======== Exercise input ========

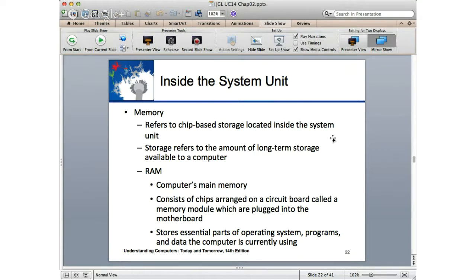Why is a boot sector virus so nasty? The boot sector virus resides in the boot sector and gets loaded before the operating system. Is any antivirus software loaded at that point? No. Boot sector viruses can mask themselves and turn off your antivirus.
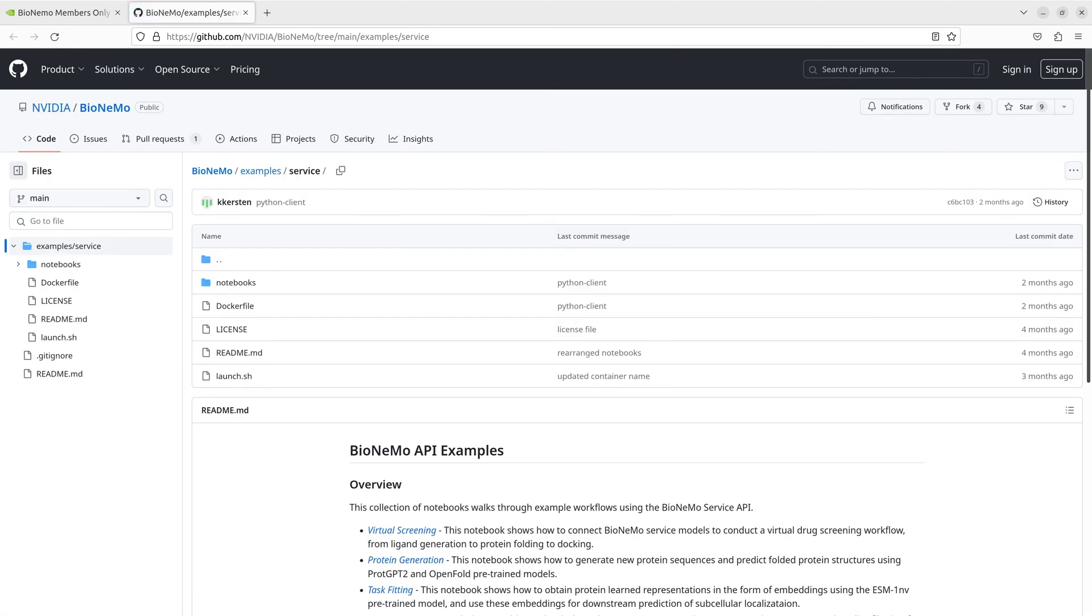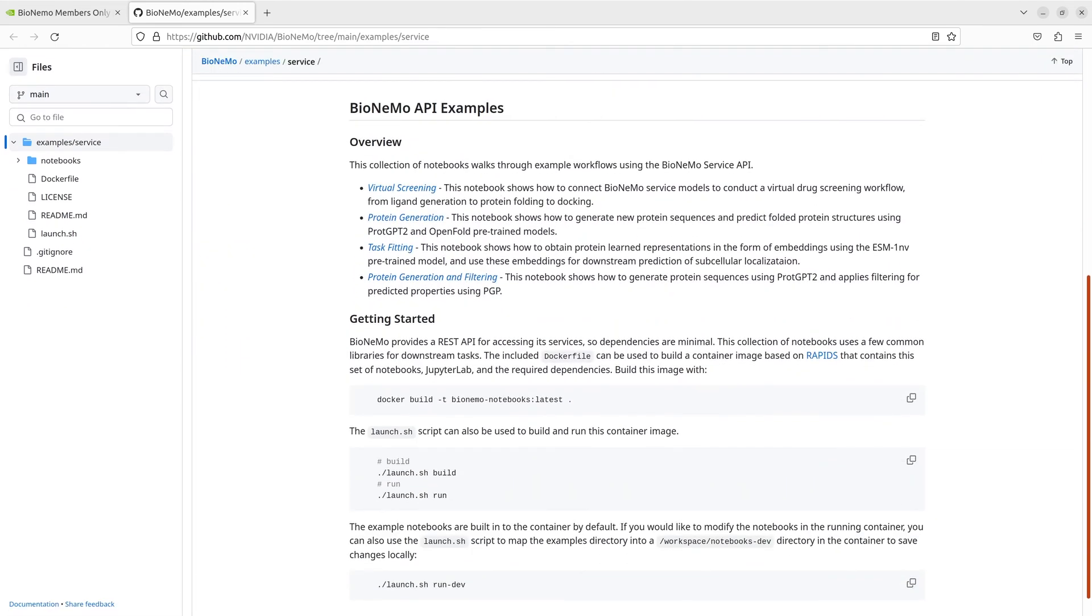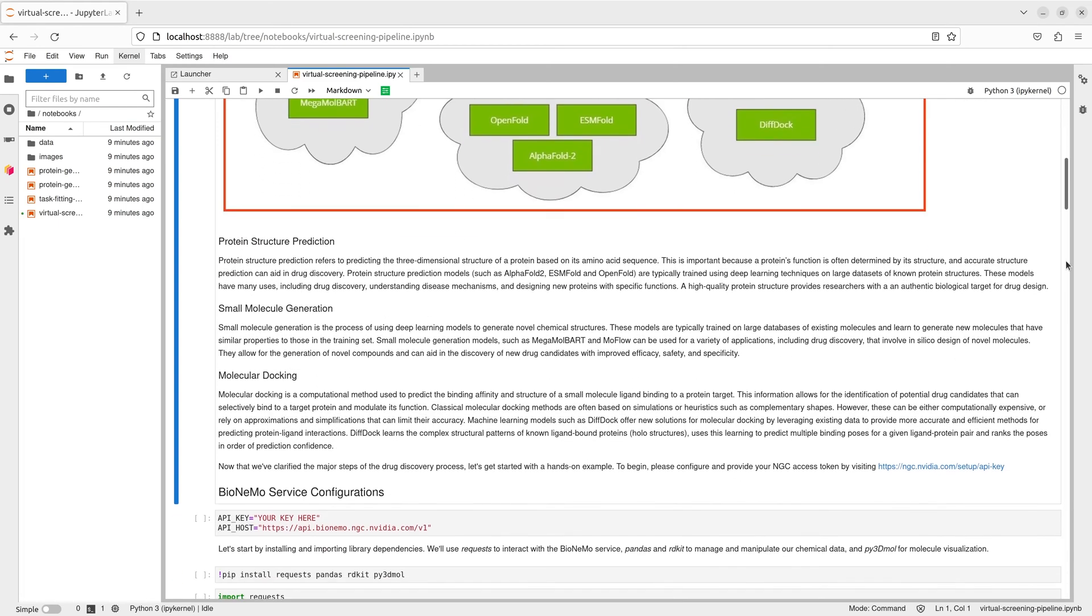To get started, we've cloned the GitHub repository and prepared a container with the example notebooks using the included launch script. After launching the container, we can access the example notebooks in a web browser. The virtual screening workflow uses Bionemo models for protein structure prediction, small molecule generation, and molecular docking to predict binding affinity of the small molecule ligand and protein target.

========
======== Exercise input ========

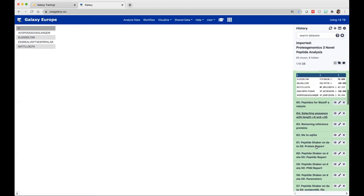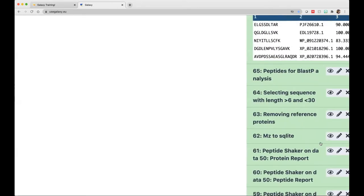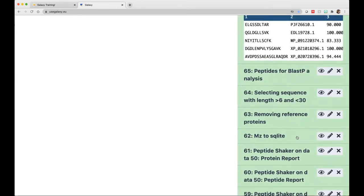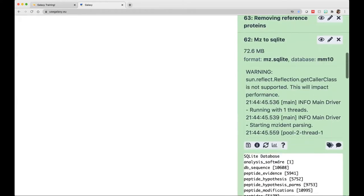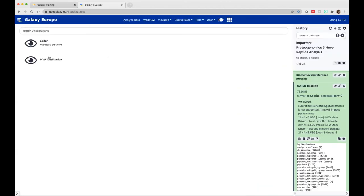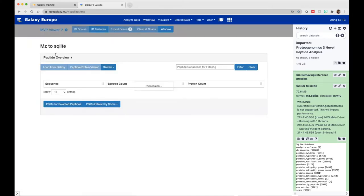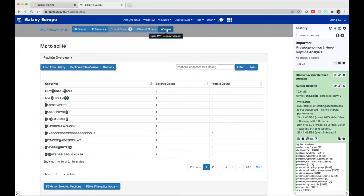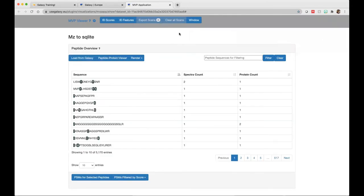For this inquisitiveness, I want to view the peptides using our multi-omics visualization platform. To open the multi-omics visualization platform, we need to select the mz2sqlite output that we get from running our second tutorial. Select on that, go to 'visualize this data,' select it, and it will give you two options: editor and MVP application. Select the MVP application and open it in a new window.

========

# What is expected:
The data above holds the lines to copy: start at the one with "Why is a boot", stop at the one with "To get started, we've", include both, copy them exactly without pictures, and copy nothing else.

# Reply to the task:
Why is a boot sector virus so nasty? The boot sector virus resides in the boot sector and gets loaded before the operating system. Is any antivirus software loaded at that point? No. Boot sector viruses can mask themselves and turn off your antivirus.
To get started, we've cloned the GitHub repository and prepared a container with the example notebooks using the included launch script. After launching the container, we can access the example notebooks in a web browser. The virtual screening workflow uses Bionemo models for protein structure prediction, small molecule generation, and molecular docking to predict binding affinity of the small molecule ligand and protein target.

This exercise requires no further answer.